|Lil'Gal left; Niece on the Right|
Except, it wasn't. For Lil'Gal (considering how stubborn she is and what a boundary crosser she is at every moment) this was a Super, Wonderful, Very Good Day for her and I.
Let me preface this with yesterday. Hubby was readying to leave to visit with the boys for some beer and bull$h!t. He does this every other Saturday evening or so. Sometimes at their barn, sometimes at ours. As he was about to depart as I felt the sounding of a very bad temper tantrum - a melt down - a knock-down-drag-out, as I call them coming on from Lil'Gal.
She respects her Daddy's word better than mine, mostly because he's no-bars-hold when it comes to behavior and discipline, even I fear his temper sometimes when it comes to that (not in a bad way, just in a 'I warned them and now their gonna' get it' way), but she totally follows his word because of it - unwillingly, but she does.

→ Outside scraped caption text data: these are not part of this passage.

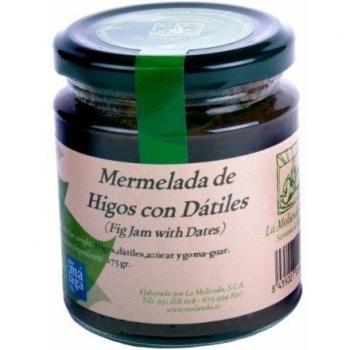 Mermelada de higos con dátiles La Molienda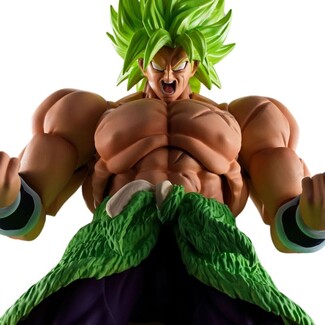 Figura Dragonball Super Broly S.H. Figuarts Super Saiyan Broly Fullpower 22 cm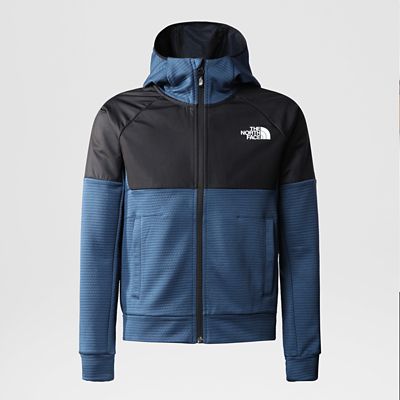 The North Face Boys' Mountain Athletics Full-Zip Hoodie. 1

I catch him before he leaves and explain to him to deal with her first or one of the two of us (she and I) might not exist by the time he returns home (I'm thinking me, from brain explosion). I do NOT exaggerate. Lil'Gal can give me a run for my money; I grow grey hairs upon each encounter of fit and temper and war-of-the-wills. It exhausts me emotionally, mentally and physically. I love her dearly. I appreciate her strength. I DO. It makes me proud. But it wreaks havoc on me at times. Think of those horrible fits you see on 'Super Nanny' and 'Dr. Phil'. I jest not. And, she knows it because she will ask me not to tell, "So and so, Daddy, etc." She doesn't want them to know how inappropriately she can behave and more importantly how inappropriately she behaves, at times, with ME.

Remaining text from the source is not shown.